Supplementary remarks:
Certain type material of Dicranoloma grossialare is difficult to locate, despite Dixon’s (1913, p. 19) clear citation of a holotype: “Nova Seelandia insula meridionalis, Mount Arthur Plateau, Nelson, alt. 4,000 ft., 1889, misit T.F. Cheeseman, No 66 (sub nomine “Dicranum robustum H.f. & W. ?’), ex herb. Levier. Type in Herb. C. Müll. In Mus. Bot. Berolin.” The holotype was presumably destroyed in the WW2 bombing of the Berlin herbarium. A request to borrow material form BM-Dixon was unsuccessful, suggesting that no type material occurs there. There are two fruiting Mt. Arthur specimens in the Cheesmean herbarium (AK 12159, AK 12161) under the name Dicranoloma grossialare, both originally named as Dicranum robustum and later revised by Sainsbury. Neither are dated; one bears the poorly legible Cheesman number 68 (168?). Neither of these specimens fully agrees with the collection details in Dixon’s protologue and there is no evidence that either Müller of Dixon examined either. There is a specimen in CHR-Martin which was probably segregated from one of the above. The habit and associated species present in these three specimens suggest that they may be duplicates of a single collection.

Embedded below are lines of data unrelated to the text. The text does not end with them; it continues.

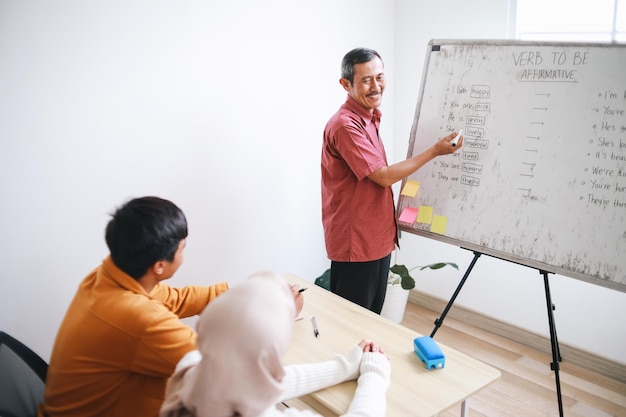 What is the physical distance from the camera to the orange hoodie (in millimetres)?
1271

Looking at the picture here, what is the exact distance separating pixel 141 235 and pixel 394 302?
7.00 feet

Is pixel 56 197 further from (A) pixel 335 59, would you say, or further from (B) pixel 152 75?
(A) pixel 335 59

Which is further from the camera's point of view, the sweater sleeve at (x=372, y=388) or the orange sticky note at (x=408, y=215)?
the orange sticky note at (x=408, y=215)

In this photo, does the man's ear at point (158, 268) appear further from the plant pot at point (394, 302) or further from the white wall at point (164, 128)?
the plant pot at point (394, 302)

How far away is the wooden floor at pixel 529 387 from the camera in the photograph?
94.3 inches

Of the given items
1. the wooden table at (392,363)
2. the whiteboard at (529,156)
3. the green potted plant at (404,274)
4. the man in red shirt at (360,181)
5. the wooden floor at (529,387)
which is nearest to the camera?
the wooden table at (392,363)

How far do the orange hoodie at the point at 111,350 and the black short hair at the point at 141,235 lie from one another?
0.04 metres

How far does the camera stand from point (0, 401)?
3.57 ft

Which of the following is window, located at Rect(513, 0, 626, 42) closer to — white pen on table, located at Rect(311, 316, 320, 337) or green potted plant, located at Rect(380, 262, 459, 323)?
green potted plant, located at Rect(380, 262, 459, 323)

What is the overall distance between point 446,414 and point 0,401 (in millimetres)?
1951

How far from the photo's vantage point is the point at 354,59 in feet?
6.97

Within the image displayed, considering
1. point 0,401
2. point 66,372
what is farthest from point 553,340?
point 0,401

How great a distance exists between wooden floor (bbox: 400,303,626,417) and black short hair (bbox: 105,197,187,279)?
5.64ft

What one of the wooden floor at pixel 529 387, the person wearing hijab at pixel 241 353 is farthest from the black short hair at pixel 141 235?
the wooden floor at pixel 529 387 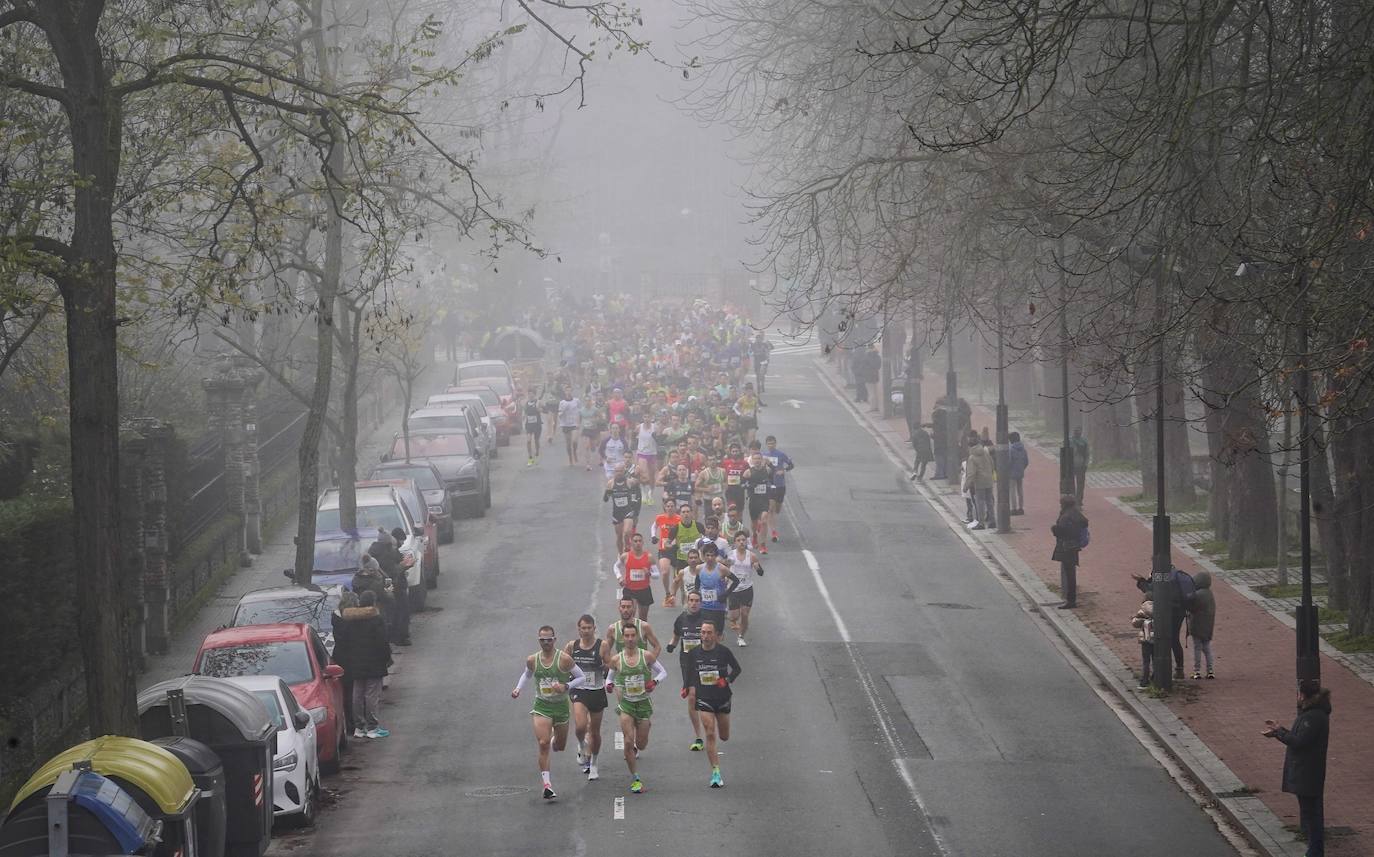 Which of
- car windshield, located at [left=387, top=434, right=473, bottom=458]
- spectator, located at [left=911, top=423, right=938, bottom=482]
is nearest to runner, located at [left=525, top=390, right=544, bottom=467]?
car windshield, located at [left=387, top=434, right=473, bottom=458]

A duplicate of Cheeseman 66, if located (and assuming that the number cited by Dixon is not an error) would be a suitable lectotype for D. grossialare Dixon. The following observations and related taxonomic conclusions conform the Cheesman 68 (AK 12159), which is unremarkable in the variational context of D. robustum. The penicillate nature of the upper leaves, referred to both in the protologue and by Sainsbury (1955a, p. 133) is here only weakly developed. The leaves are c. 15 mm long, tubulose, and finely subulate in a manner suggestive of the setosum from of D. robustum. The upper laminal cells are mostly 45-60 (-90) × 6-8 µm, thick-walled, and porose. The costa at mid leaf is c. 90-100µm, with 7 median guide cells, and with well defined two-layered stereid bands and larger-lumened abaxial cells (toxoneuron). The tubulose nature of the leaves obscures the costa in some leaves, and this may have influenced Dixon’s of the costa as “basin versus tenuis, saepe indistincta.” In sectioned leaves, however, the costa in the lower leaf is generally c. 100 µm. The supposed indistinct nature of the lower costa is emphasized as a diagnostic feature of by Sainsbury (1955a. p. 132).